# What the task requires:
From the line with "1pc Large Foldable" through the last line of the records below, both ends included, transcribe only those lines, exactly, and omit the pictures.

Stored dataset items

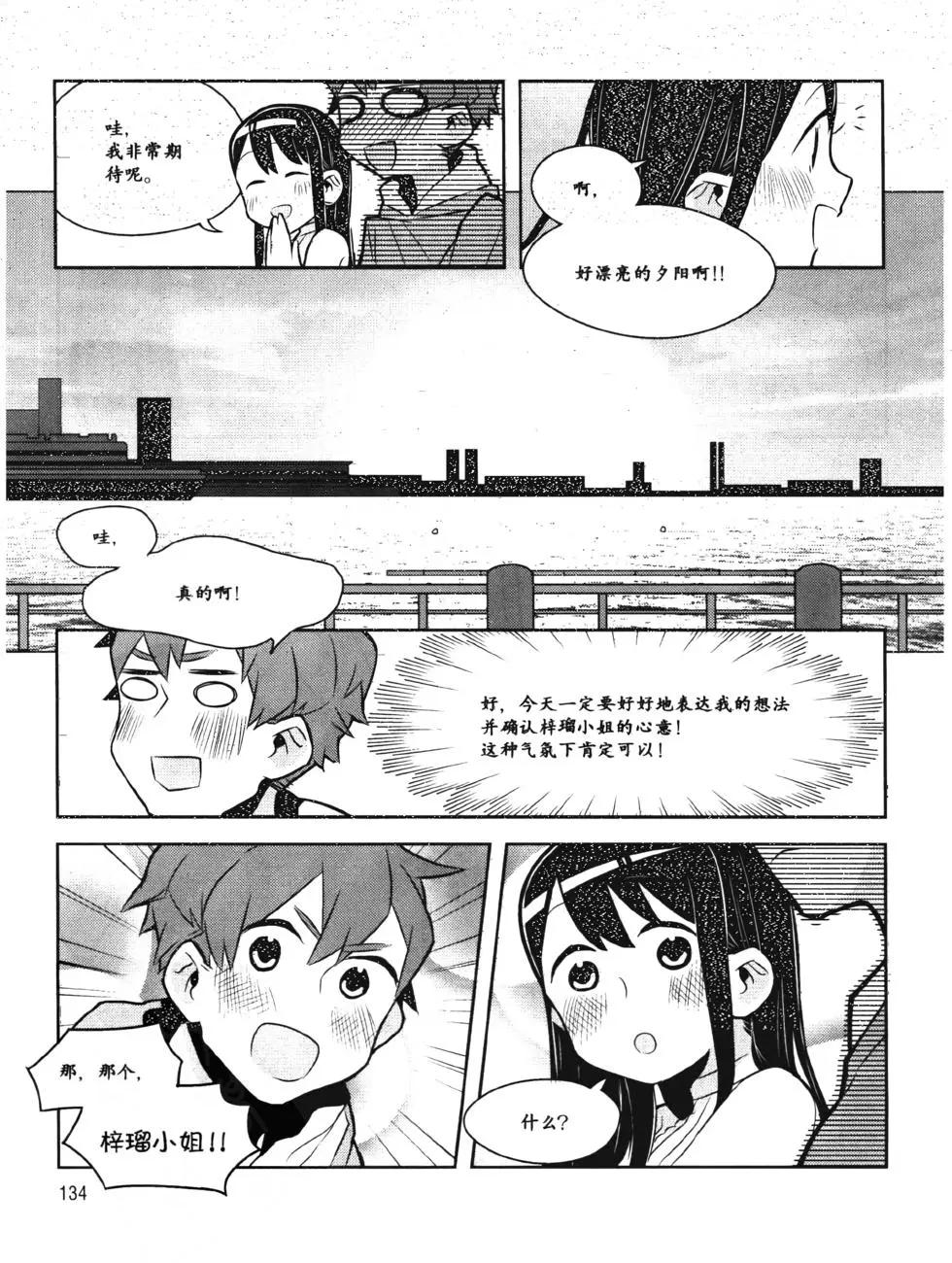 欧姆社学习漫画 - 工程材料之混凝土(3/4) - 7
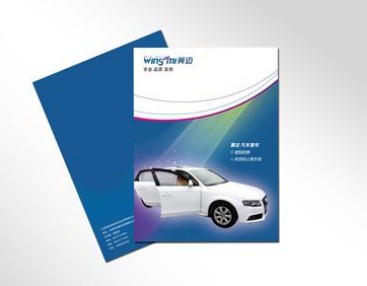 汽車宣傳冊印刷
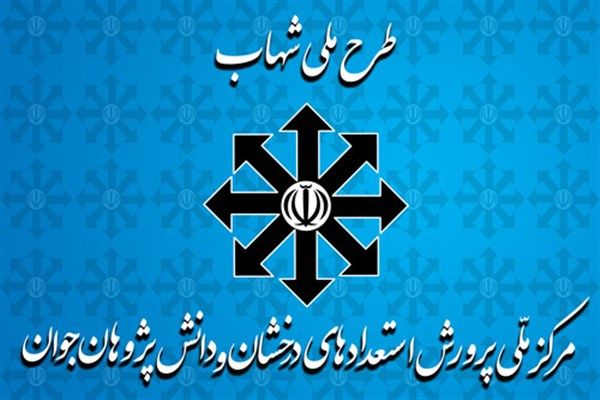 بهره‌مندی ۱۴۰ دبیرستان شبانه‌روزی از تسهیلات بنیاد ملی نخبگان تحت برنامه ملی شهاب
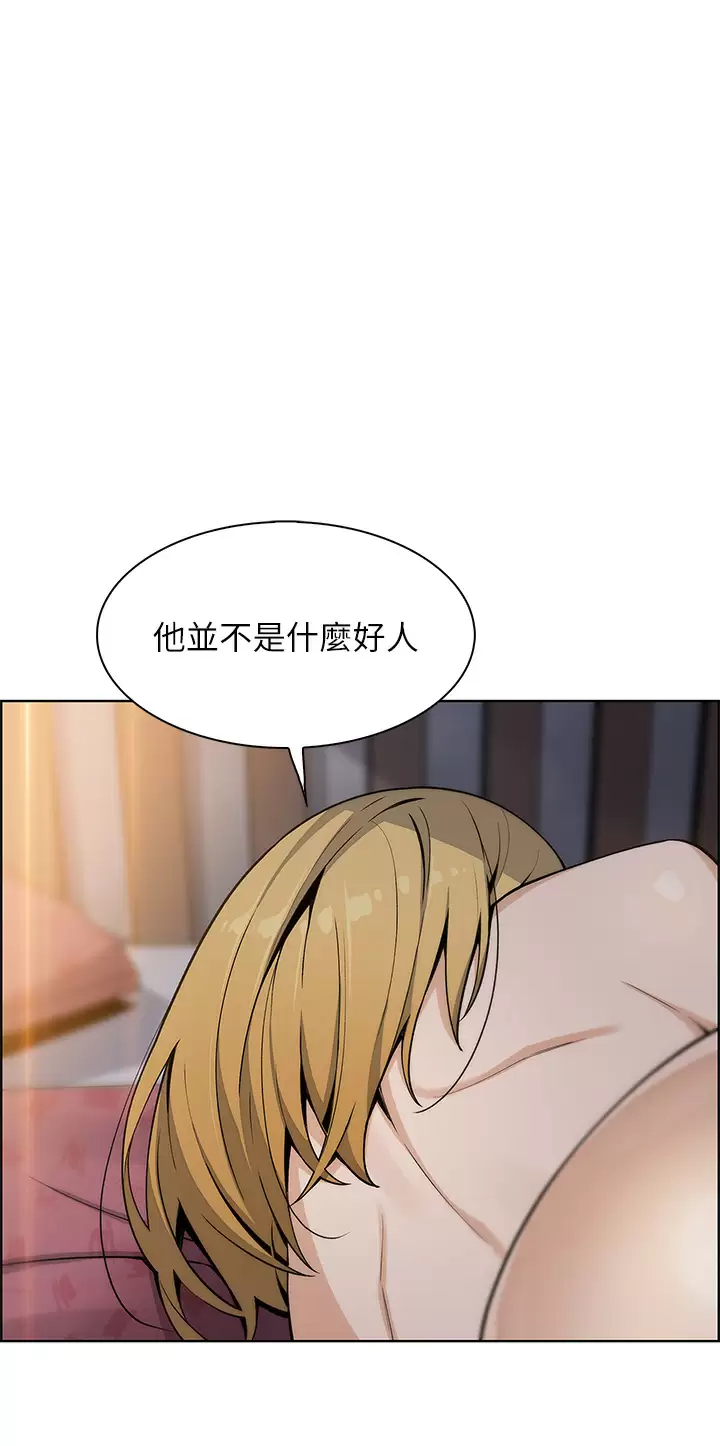 卖豆腐的母女们  第33话足技惊人的雅莹姐 漫画图片1.jpg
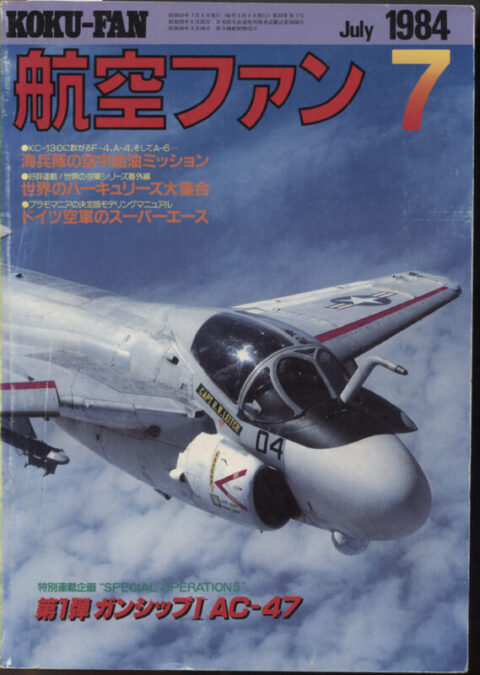 Koku-Fan Vol. 33 #7 July 1984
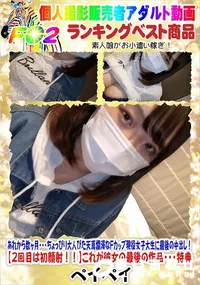 【あれから数ヶ月ちょっぴり大人びた天真爛漫なFカップ現役女子大生に最後の中出し【2回目は初顔射】特典】の一覧画像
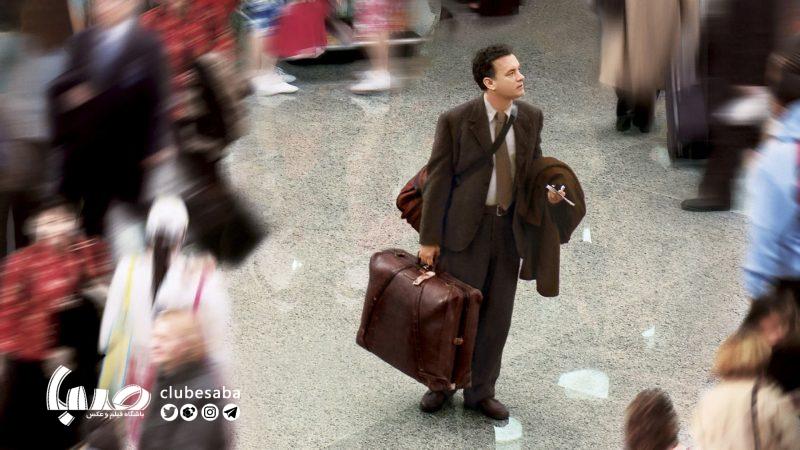 «ترمینال»؛فاصله کوتاه میان وطن داشتن و بی‌وطنی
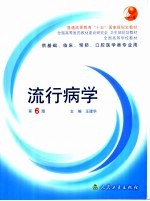 流行病学 第6版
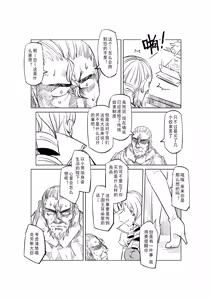 Page 447 of Egg of The Elf 80 + 2 Chapters - preview thumbnail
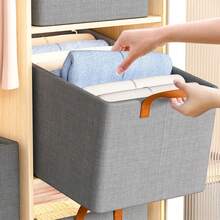 1pc Large Foldable Closet Storage Organizer Clothes Storage And Organization Box Closet Storage Box With Carrying Handles Thickened Steel Frame Toy Organizer Box For Clothes Wardrobe Home Bedroom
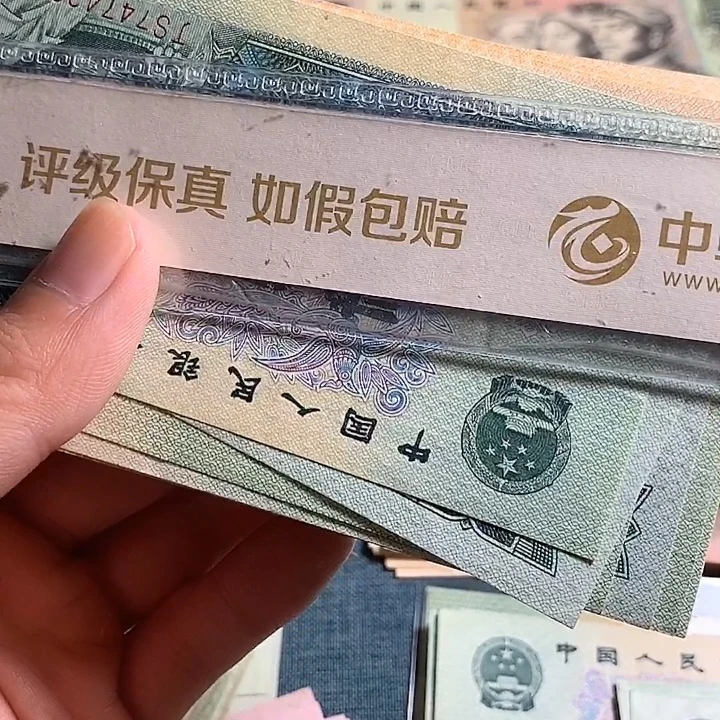 侬***迪四版币旧票25张按图发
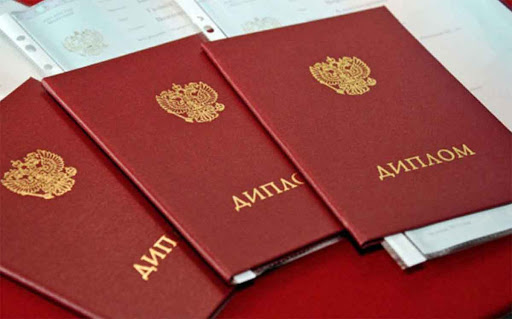 Купить диплом МИТ по доступной цене -387736920 Купить диплом МИТ по доступной цене -387736920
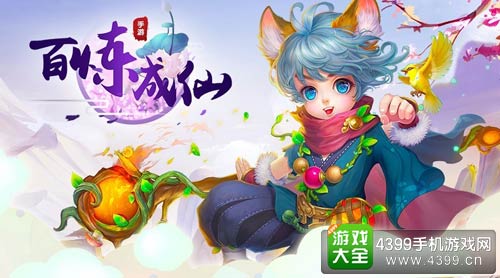 百炼成仙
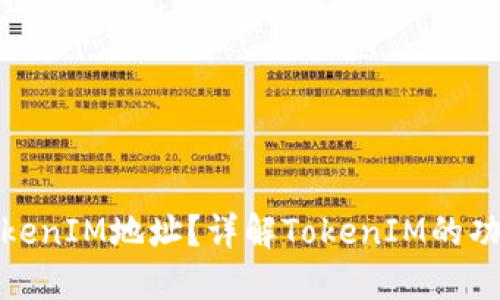 什么是TokenIM地址？详解TokenIM的功能与用途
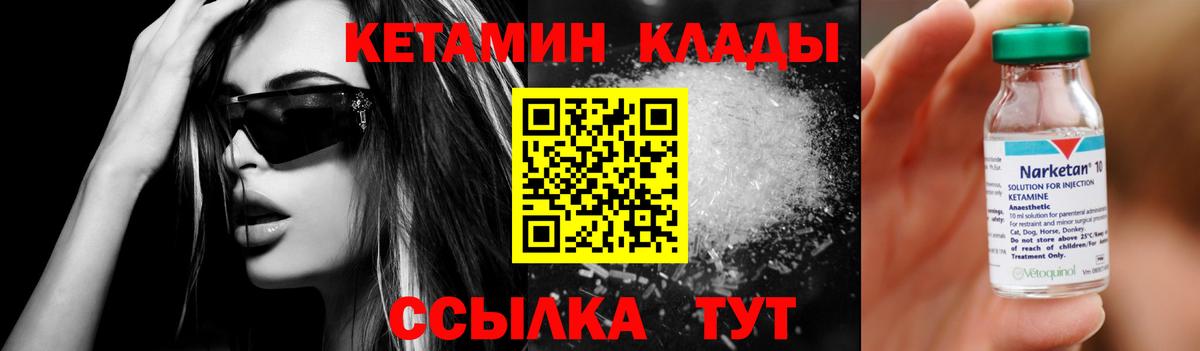 КЕТАМИН VHQ  Вход с VPN  Кунгур  Кетамин VHQ 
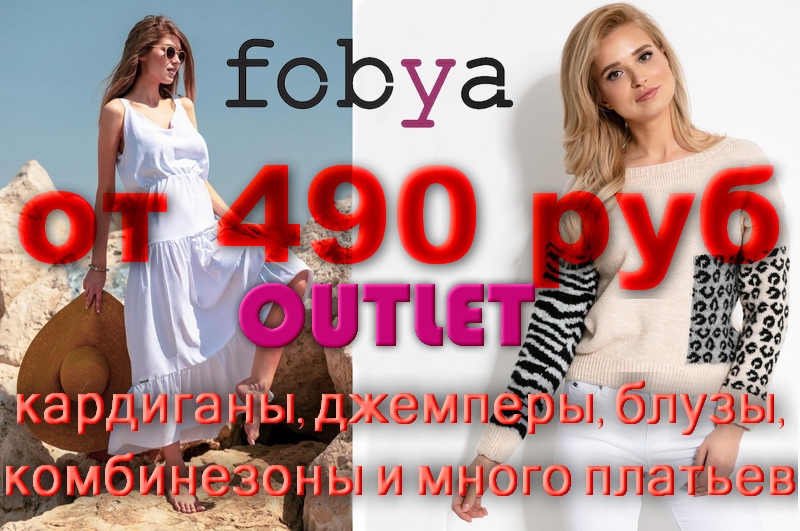 ��������� ���������� - ������������� ������ �����! ���� �� 650 �� 1250 ���. ��������, ���������, �����, ����������� � ����� �������! � ����� �������-���������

# Exercise result:
 1pc Large Foldable Closet Storage Organizer Clothes Storage And Organization Box Closet Storage Box With Carrying Handles Thickened Steel Frame Toy Organizer Box For Clothes Wardrobe Home Bedroom
 侬***迪四版币旧票25张按图发
 Купить диплом МИТ по доступной цене -387736920 Купить диплом МИТ по доступной цене -387736920
 百炼成仙
 什么是TokenIM地址？详解TokenIM的功能与用途
 КЕТАМИН VHQ  Вход с VPN  Кунгур  Кетамин VHQ 
 ��������� ���������� - ������������� ������ �����! ���� �� 650 �� 1250 ���. ��������, ���������, �����, ����������� � ����� �������! � ����� �������-���������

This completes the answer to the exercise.